C weird function variable assignment

I found this code while I was learning how to make a Virtual Machine. But I haven't got a clue what this function does. Do any of you know what this function is doing?

void decode( int instr )
{
instrNum = (instr & 0xF000) >> 12;
reg1     = (instr & 0xF00 ) >>  8;
reg2     = (instr & 0xF0  ) >>  4;
reg3     = (instr & 0xF   );
imm      = (instr & 0xFF  );
}

The variable instr = 1.

Answers


The function is saving specific sets of 4 bits (called nibbles) from the variable instr into other variables instrNum, reg1, etc (these other variables must have a global scope as they're not defined here).
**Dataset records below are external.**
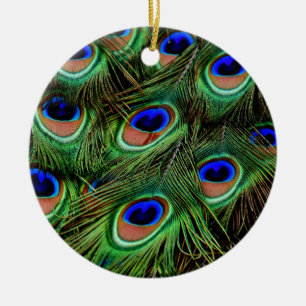 Peacock Feathers Ceramic Tree Decoration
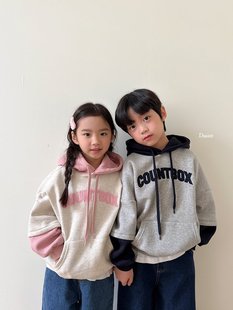 beni韩国童装2025冬新款dsaint儿童带帽字母T恤男女童长袖t保暖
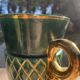 White Letalle vase for Saint Clément - model 4212 in green and gold.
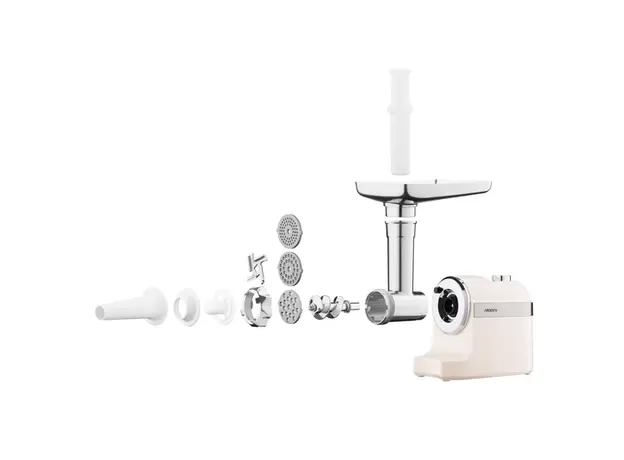 ხორცსაკეპი მანქანა Ardesto meat grinder, 1800W, 2kg/min, 3 cutting plates, sausages nozzle, plastik, beigе-silver, 4 image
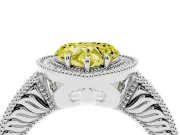 Fancy Yellow Heart Cut Diamond Halo Ring Set in White gold with Round Accent Halo, Pavé Band and Prong Setting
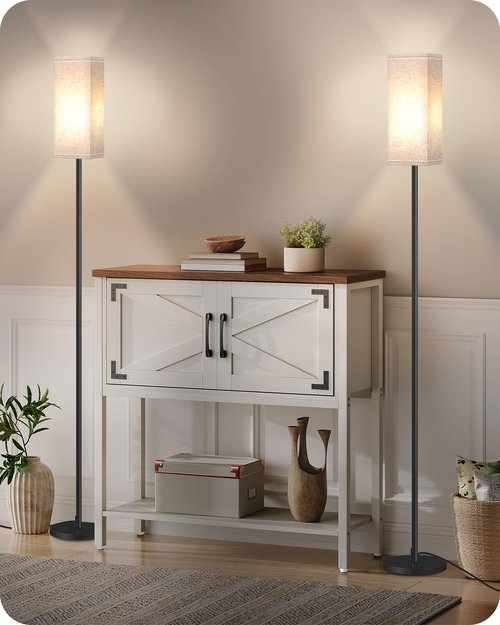 GOEBLESON 2 Pack Floor Lamp, Pole Lamp with Foot Switch, Modern Standing Lamp Lampshade, Minimalist Freestanding Lamp (Bulb Not Included), for Living Room, Bedroom Office, Black and Beige E07LDP205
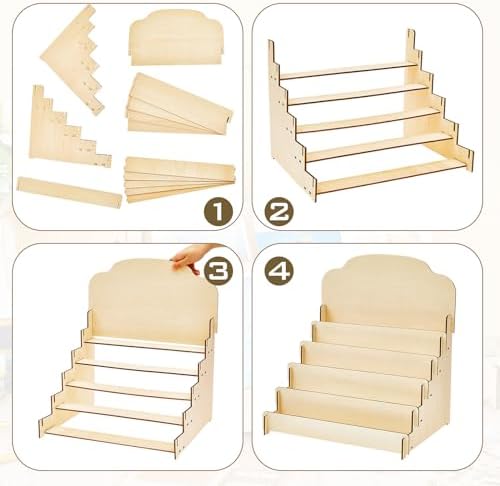 Barydat Greeting Card Display Stand Wooden, 15.8 x 13 x 17.7 Inch, Beige - Image 3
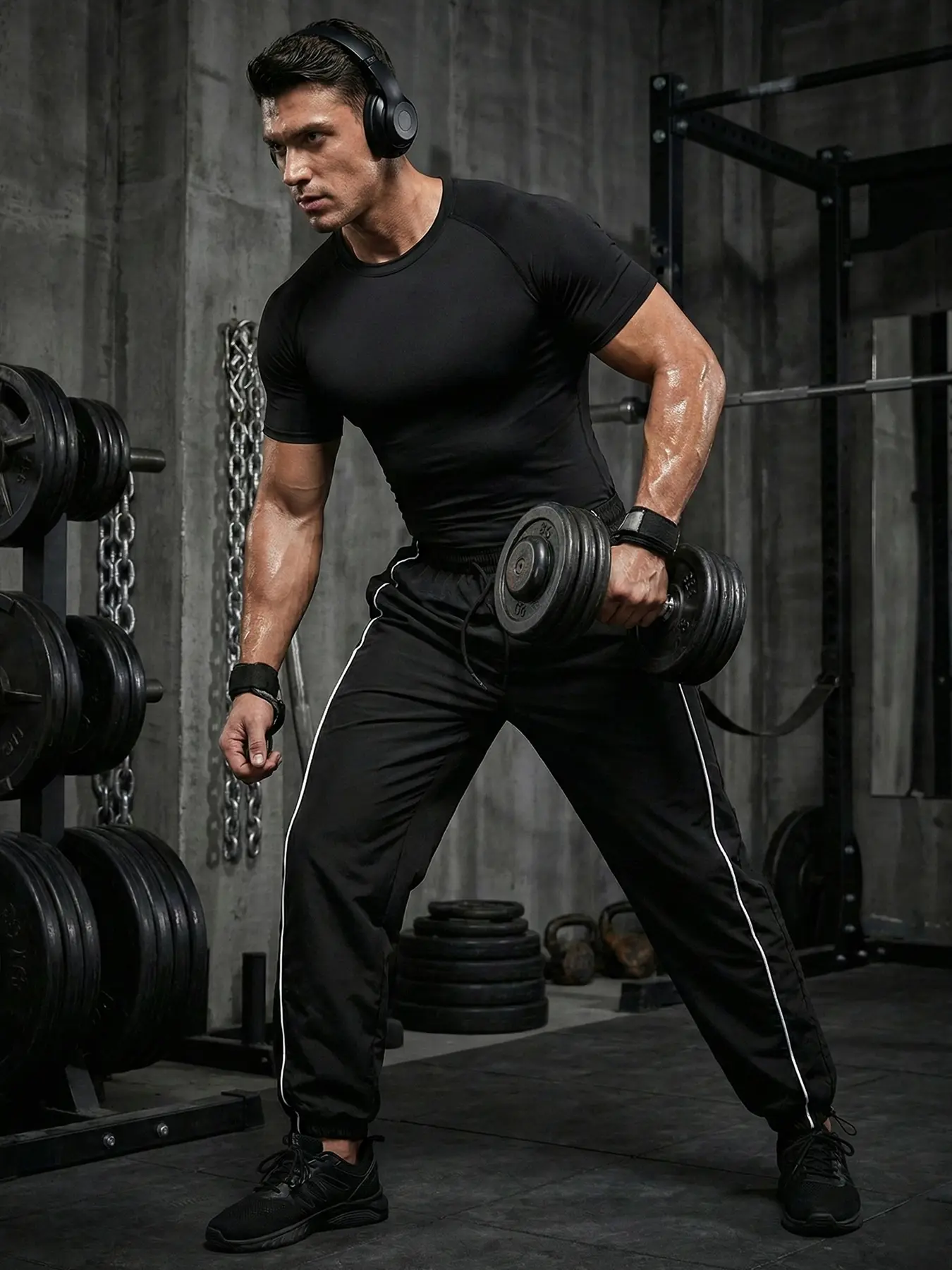 Men's Fitness Workout Running Sport Set for All Seasons, Round Neck Short Sleeve Compression Shirt Tight Fit T-Shirt Tees + Drawstring Elastic Waist Pants with Adjustable Cuffs Athleisure Trousers Sweatpants with Side Stripe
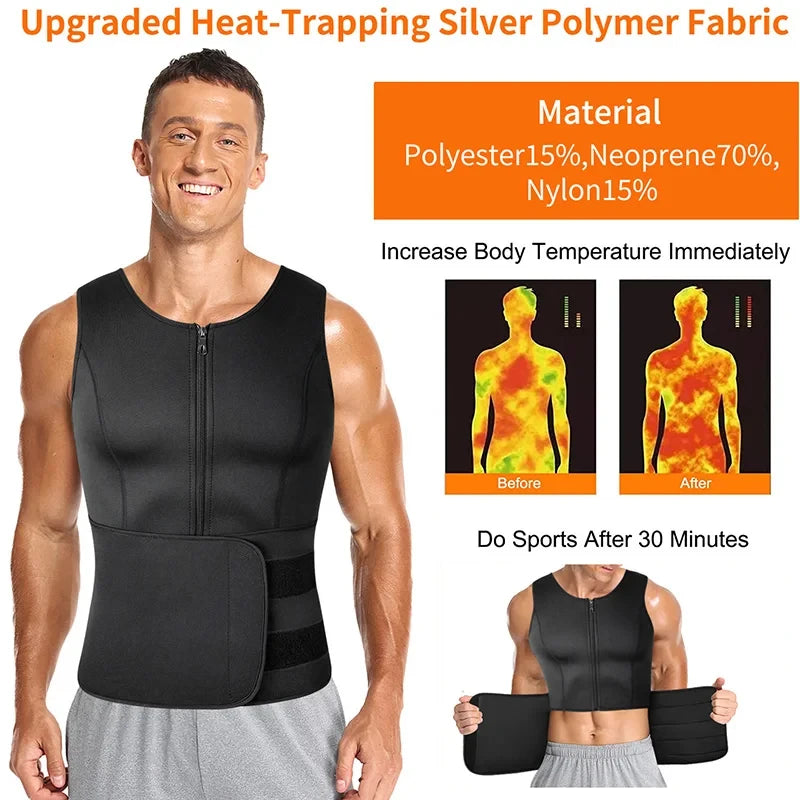 Men's Waist Trainer Body Shaper - Slimming Sauna Vest with Double Belt for Weight Loss & Sweat Control - Perfect for Gym, Workout & Postpartum Recovery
Consider for example if instr was 0x1234

instrNum = (0x1234 & 0xF000) >> 12; 
         = (0x1000) >> 12;
         = 1      
reg1 = (0x1234 & 0xF00) >> 8;
     = (0x0200) >> 8;
     = 2
reg2 = (0x1234 & 0xF0) >> 4;
     = (0x0030) >> 4;
     = 3
reg3 = (0x1234 & 0xF);
     = (0x0004);
     = 4
imm = (0x1234 & 0xFF);
     = (0x0034);
     = 52

So it's taking each nibble of the variable instr and saving it into a separate variable. The last variable imm gets the last byte. & and >> are bit operators, AND operator for seperating out bits and the right shift operator. Why it's saving these is anyone's guess, we would need to know what type those variables are and what they're used for, but that's what is happening anyway


Those are bit operations, which are often used to compactly store some flags within a single integer. This function "reads" bits from the argument instr and writes the results to other fields.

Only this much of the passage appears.